◆ **About this task**
Where the line containing "Women's Thanksgiving Letter" appears below, start there and repeat each line exactly to the end. Leave the pictures out.

** Opening Given information block **

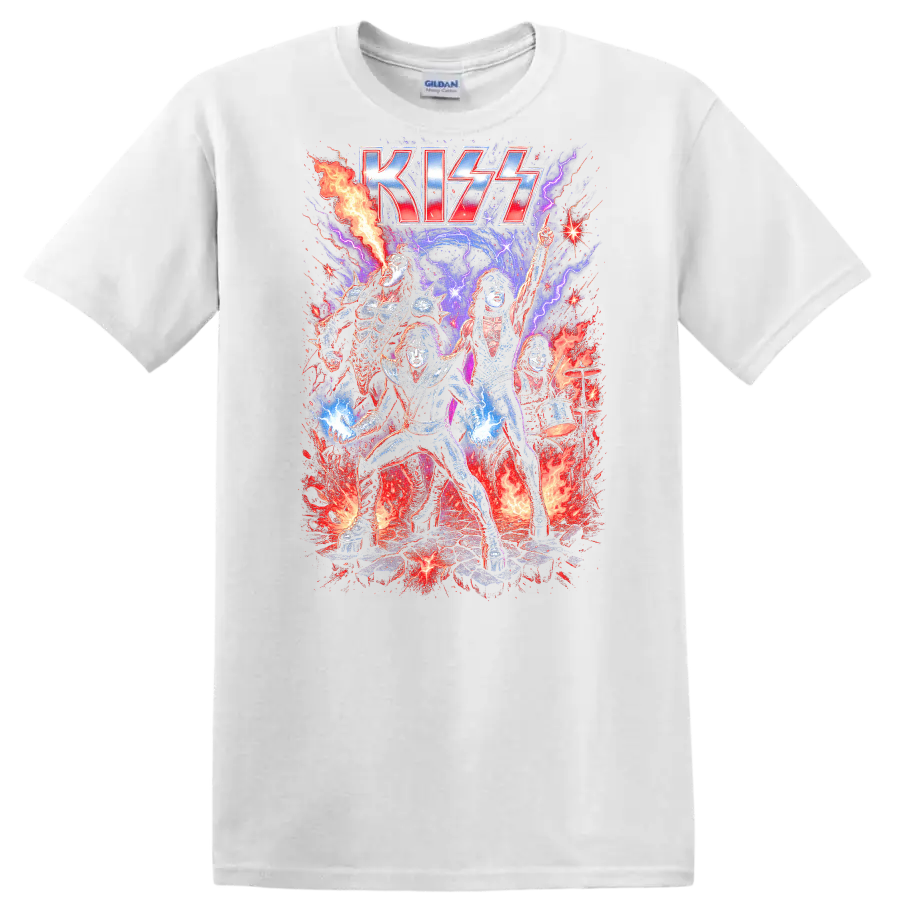 KISS Retro Heavy Metal Rock Band Album Cover Legend Style T Shirt - White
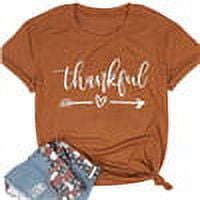 Women's Thanksgiving Letter Print T-Shirt Summer Top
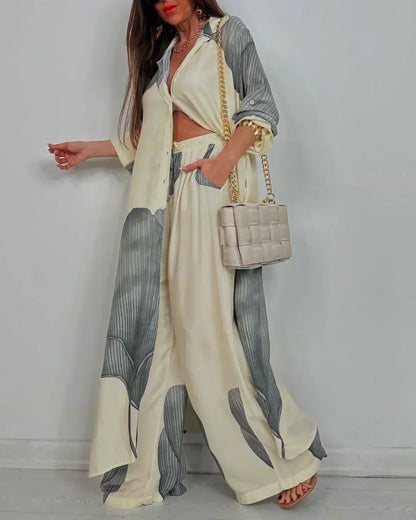 Bohemian Colorblock Wide-Leg Two-Piece Set for Women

** Closing Given information block **

◆ **Written reply**
 Women's Thanksgiving Letter Print T-Shirt Summer Top
 Bohemian Colorblock Wide-Leg Two-Piece Set for Women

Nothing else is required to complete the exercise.